The tales describe the dwellings of the Other Clans as being both very near to our mortal world and very far from our common lands. The armies of the Sidhe ride out from beneath the land. Mortals enter the courts and feasts of the Lords of the Mound, leaving behind common time and place. Other tales tell of emissaries arriving from over the sea, or of mortals who voyage, and of the lands of wonder, danger and vision that lie beyond the ocean wave.
Your studies should offer plenty of chances to read these tales. It is useful to immerse your imagination in the motifs of Celtic story. These provide raw materials with which we can build an understanding of the Celtic Otherworld.
It may be that the ancient idea of the Otherworld bears a resemblance to various metaphysical models. Those familiar with western magical systems might compare the Otherworld with the ‘astral plane’ or the ‘etheric realm’. However, the Celtic spirit-lands don’t seem to be causal to the common world in the way the ‘astral’ is sometimes described to be. We might find a parallel with the Dreamtime of the Australian First Peoples – a mythic, storied and ritual reality in which mortals participate along with the Gods and spirits. Hindu cosmology presents a variety of ‘lokas’ – worlds – in which Gods, spirits, ancestors and daemons dwell. The Norse have a similar system of Nine Realms. Celtic lore is far less specific about the number and order of the realms or worlds, though a variety of environments are described.

Part 2 – Vision and the Threshold
In this month’s first exercises we will enter an imagined series of landscapes and environments. In some cases we will consciously select or design the spaces. In others we will enter visions that we do not deliberately create. We will consider this half-constructed, half-discovered imaginal world to be a Threshold, a place Between the common world and the independent reality of the Other Places. We can move our point of view, our ‘presence’, into this Threshold realm in a form we invent, and in the same way the Gods and spirits can create forms that move and live in that space. The forms we see (and make) in the Threshold may or may not be the ‘true’ forms of the spirits but that need not prevent us from speaking to them through those forms. The Threshold is a reflection both of our common world and of the Other realms beyond.

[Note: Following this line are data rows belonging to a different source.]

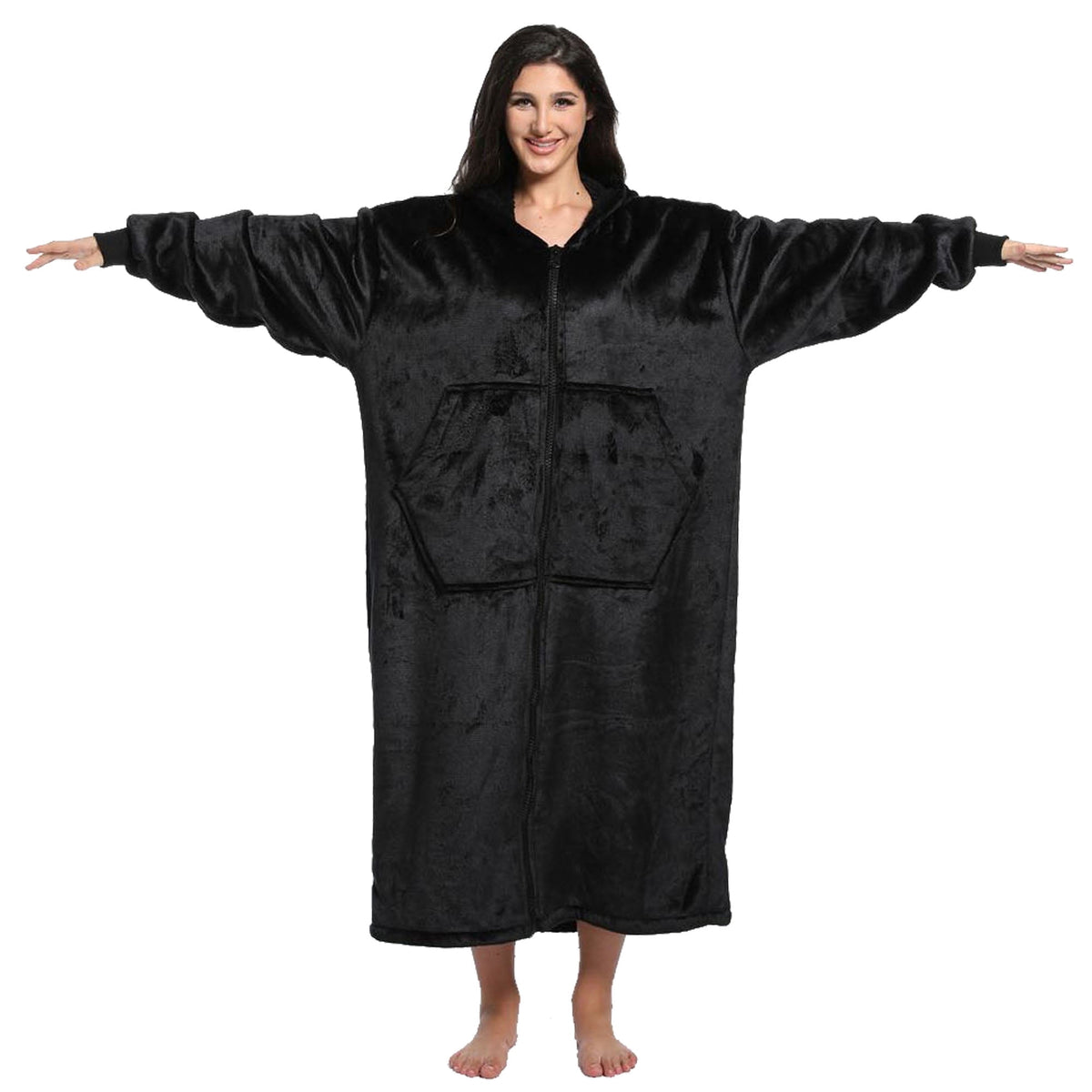 REDESS Oversized Wearable Blanket Hoodie Sweatshirt for Adults Women Men-Dark Grey
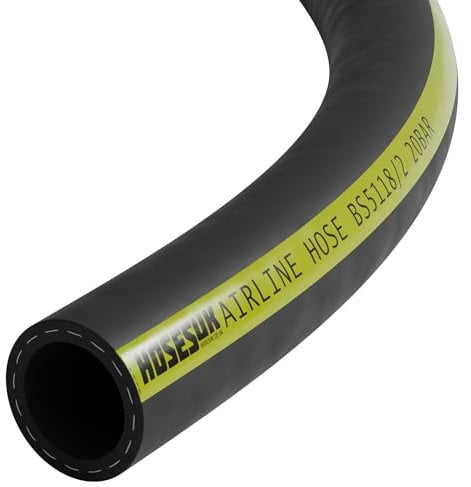 8mm / 0.3 Inch ID Rubber Airline Air Compressor Hose High Vis Yellow Stripe 20 Metre
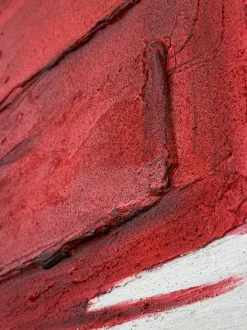 Cuadro en lienzo pintado a mano Racing Red, marco de madera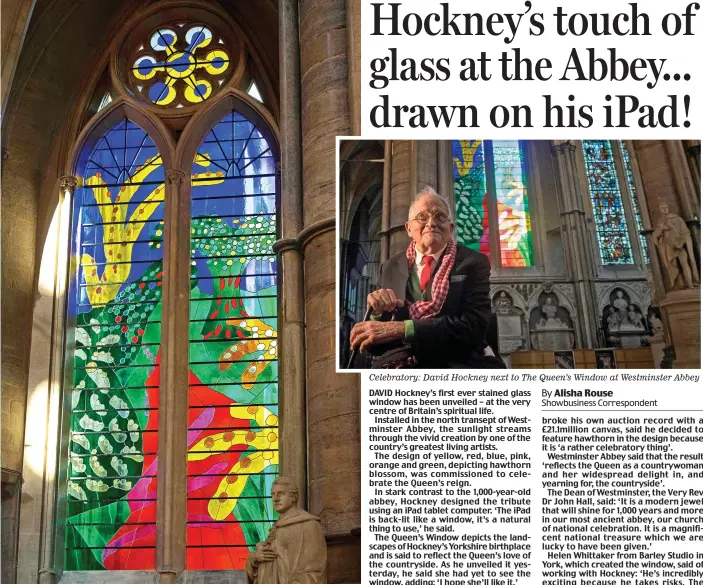  ??  ?? Modern jewel: The bright design is said to reflect the Queen’s love of the countrysid­e Celebrator­y: David Hockney next to The Queen’s Window at Westminste­r Abbey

While we may consciously shape and influence it, the Threshold realm exists without our conscious making. Just as the landscapes of dream occur as if subjectively real so the places of Threshold are waiting for us when we arrive. Just as in a lucid dream we can shape events and places, but the life of the Threshold realm goes on, around or even without our conscious constructions.

Part 3 – First Steps in the Mist
The very first Threshold technique is to learn to rise and move within an imagined point-of-view. In some spiritual systems students are taught to develop a detailed, repeating and specific ‘body of vision’ which serves as the seer’s ‘vehicle’. This does have value, but we find it best to recommend a more natural approach. Each of us carries a basic self-image and it is in that form that we can most easily approach our vision journeys.
One important trick of basic journey-work is to train yourself to keep your point-of-view located ‘behind the eyes’ of your vision-self. By learning to keep your point of view firmly fixed in one place and in one direction at a time you create a sense of reality in your early visions that helps you move into the Threshold realm. Your point of view may move by drifting, flying or purposeful striding but you should be careful to keep it in one place at a time in most cases.
From that beginning you can move deeper into the Threshold in a variety of ways. We will use a symbol drawn directly from Celtic story – the Mist of the Between. By passing through the vision of the thick mist so common in the ancient forests you can emerge much deeper within the Threshold realm.
By passing the Mist we seek to enter a space in which we can both discover and create a greater, more ideal Sacred Grove. In next month’s lesson we will move on to the work of passing the Mist and beginning the Inner Grove. This will become a base of operations for many further visions and workings.